Once I came back to America, there was my summer of writing about the culture of freedom. I plotted out another comic series which pulls at my mind and begs to be written, but it doesn’t have a single issue yet, just story arcs. I’ve started two novels in the mean time, one serious piece of lovely trash about Evelyn Harris, who has to go save her boyfriend Harlan Locke, and an unnamed piece about the unfortunately named Kalinka Herschoff and her struggle with figuring out who she is. The former strongly reflects on the problems I have with teen romance books, the latter my own struggle to define myself. The former, I recently, realized, begs for a companion piece—something I guess will need to be attacked in book two. In my current project, Evelyn adventures for her boyfriend, and doesn’t do it alone. I find myself needing to consider how people adventure for themselves, and how they do it without having their partner accompanying them.

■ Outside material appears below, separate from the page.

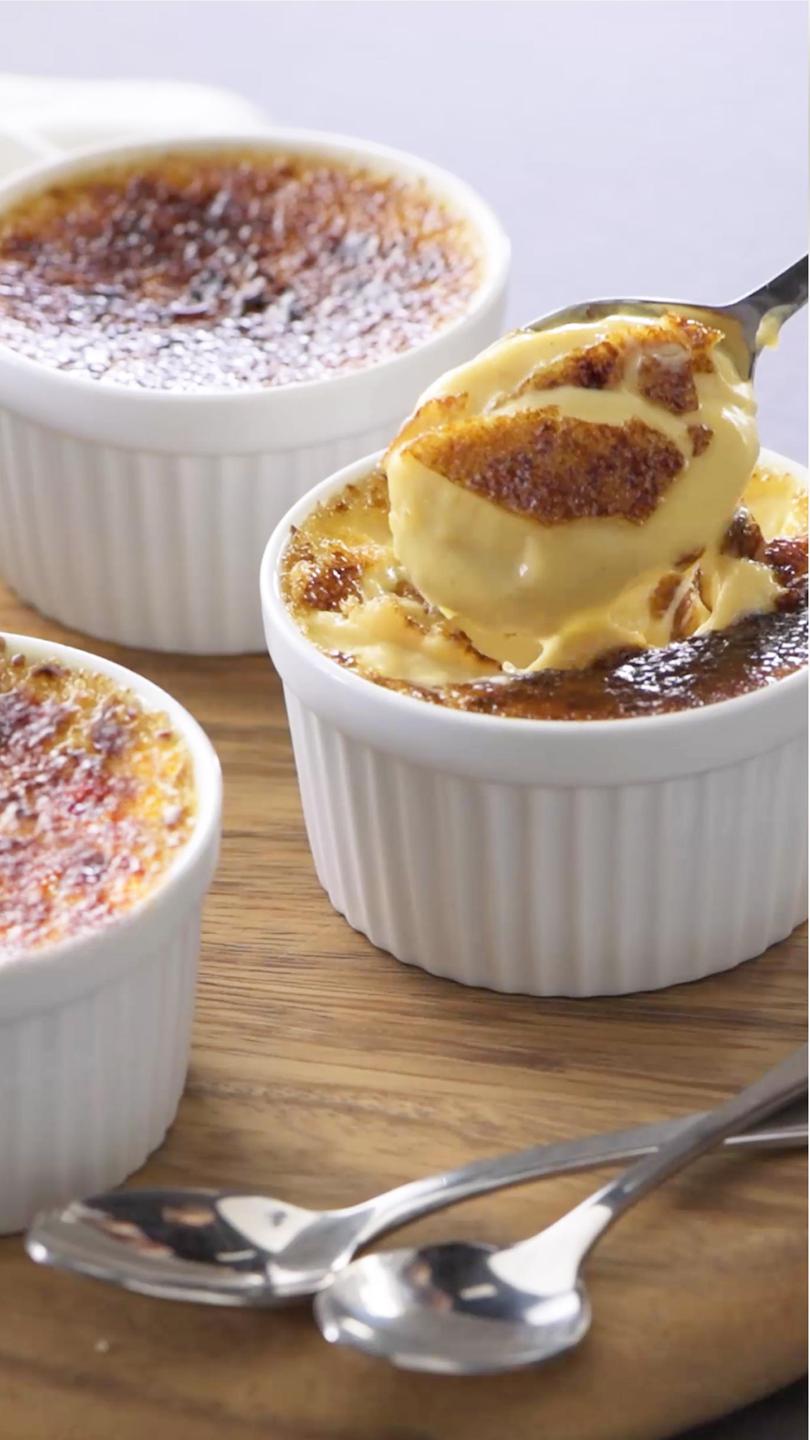 Orange and Vanilla Crème Brûlée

Throughout most of this, I never called myself a writer. I wrote, sure, but I wasn’t a writer. It made me cringe when people would talk about a group that included me and said “As writers, we…” I detail my ten years at taking writing seriously, outlining various projects, mostly for myself to help me remember, but in part because I find it ridiculous how anyone could see this and believe I am a writer. I’ve published nothing: I’ve sent a few short stories out at various times—one I wrote about communism in China, another about baseball, vinegar, divorce, and flying faster than light—but they all came back with rejections. I never sent things out seriously because my shorts weren’t good enough. No one was enthusiastic about putting together films because I find it impossible to write a screen play shorter than an hour. But more than that, it’s been years since I’ve submitted anything, and I was lying to myself when I said that it might be good enough for publication. It wasn’t—and logic tells me it still isn’t. Instead, I sit on my pieces like a miser or a dragon with gold. I chug along and pick pick pick at the trashy novel, waiting until it’s finished enough I send off letters to agents trying to sell it to them.

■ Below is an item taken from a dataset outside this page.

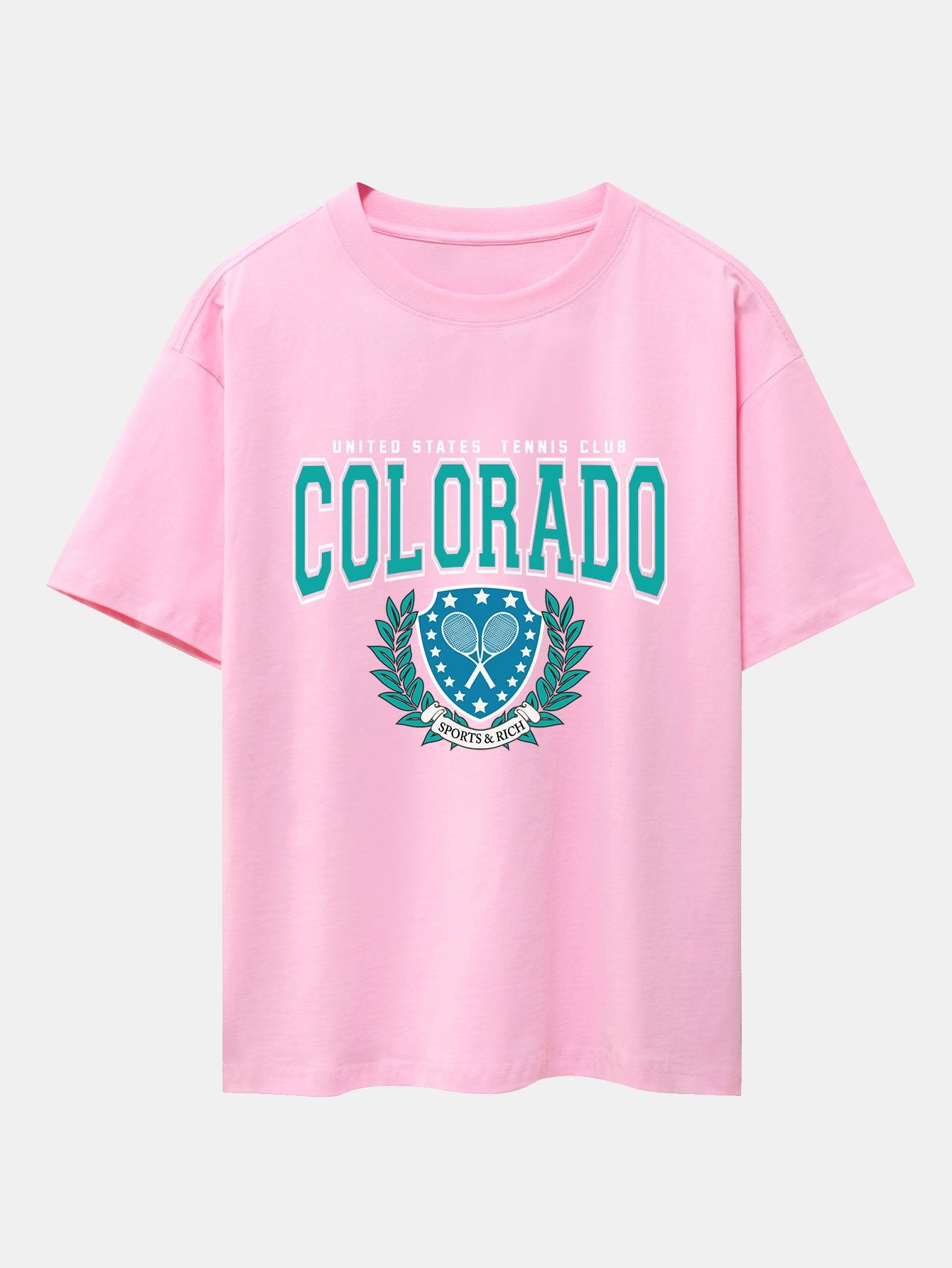 Colorado Tennis Print Heavy Weight Oversize T-Shirt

The thing I find most absurd about my fear driven reality is that I want to be a writer. I’m not one now, but some day, I tell myself, I will be one. Some day someone will read one of the things I’ve written, think it’s good enough, and give me a contract that I sign, thereby making it so I am, officially, a writer.
And I really think it will happen.
This whole bundle of emotions and thoughts, racing towards a land of fantasy, is lined on a path that makes me not just slightly uncomfortable, but more than a little nauseous when I think about it. My fight against calling myself a writer, is powered by all of the self-professed artists, musicians, and writers I’ve met who produce nothing, sell nothing, and share nothing. The ones who are bad. I don’t want to be this person, who calls themselves a writer but never makes a sale. I don’t want it to come out that, in truth, I’m not very good. I don’t want to spend years of my life trying to be something that I’m just not going to be.
I am not a writer: I write. I am not a knitter, or a biker, or a baker, cook, researcher, musician, educator. I am a person who knits, bikes, bakes, cooks, researches, plays music, and teaches. I think of it this way not because I am a person with many facets who refuses to be held down to a single one, but because I am not as into or as good at any of these things as people I know who identify by them.
In living in a world where I can “be anything,” being something is hard.
Over the weekend, a friend of a friend was in town. He asked me about why I moved out of Philadelphia, if I still think it’s so great. I told him that if I hadn’t left when I did, I never would have. I told him that leaving was important to me, because I wanted to be something else than what I had been: I wanted to be a writer.